The Holy Spirit is not limited by national boundaries, but sometimes Americans remain unaware of what's happening in the global church. What God is doing in the United States is just a fraction of how He is moving on the international scene. Charisma checks in with respected charismatic pastors and leaders in other regions from Asia to Latin America who share their perspectives on the state of faith in their nations.
Andrew Corson was born in Australia but came to Colombia as a missionary kid at the age of 4 and was saved at a young age.
"At 11 years old, I had the baptism of the Holy Spirit that just transformed my life," Corson says. "I started to read all the books about the baptism of the Holy Spirit. But I didn't want to serve the Lord.
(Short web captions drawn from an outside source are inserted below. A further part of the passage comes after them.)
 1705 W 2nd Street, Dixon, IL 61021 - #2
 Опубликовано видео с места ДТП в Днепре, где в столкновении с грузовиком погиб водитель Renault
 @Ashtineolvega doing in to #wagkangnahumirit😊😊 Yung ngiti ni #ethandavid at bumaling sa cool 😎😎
I didn't want to be involved in ministry. I wanted to make money to support missionaries or support pastors. But since I was maybe 12-13 years old, my dream always was to have a contemporary church, a church that is a place I could take my friends with the power of the Holy Spirit, but also something that would be very, very attractive for the next generation."
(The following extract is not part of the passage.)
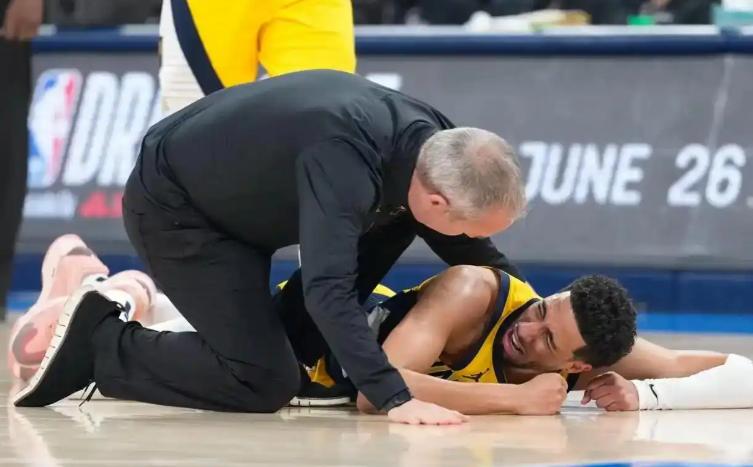 NBA自由市场第2天！雄鹿裁利拉德签特纳，瓦兰换萨里奇S的简单介绍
After resisting God's will for his ministry, he ended up in his parents' Bible school and later studied at Christ for the Nations. He tried going back to Australia, but his heart was to serve God in Colombia. He returned, and in 1993, started a church in Bogota, El Lugar de Su Presencia ("The Place of His Presence"), with a dozen people. Today, he says, the church's actual weekend attendance is more than 40,000 in multiple auditoriums around the city.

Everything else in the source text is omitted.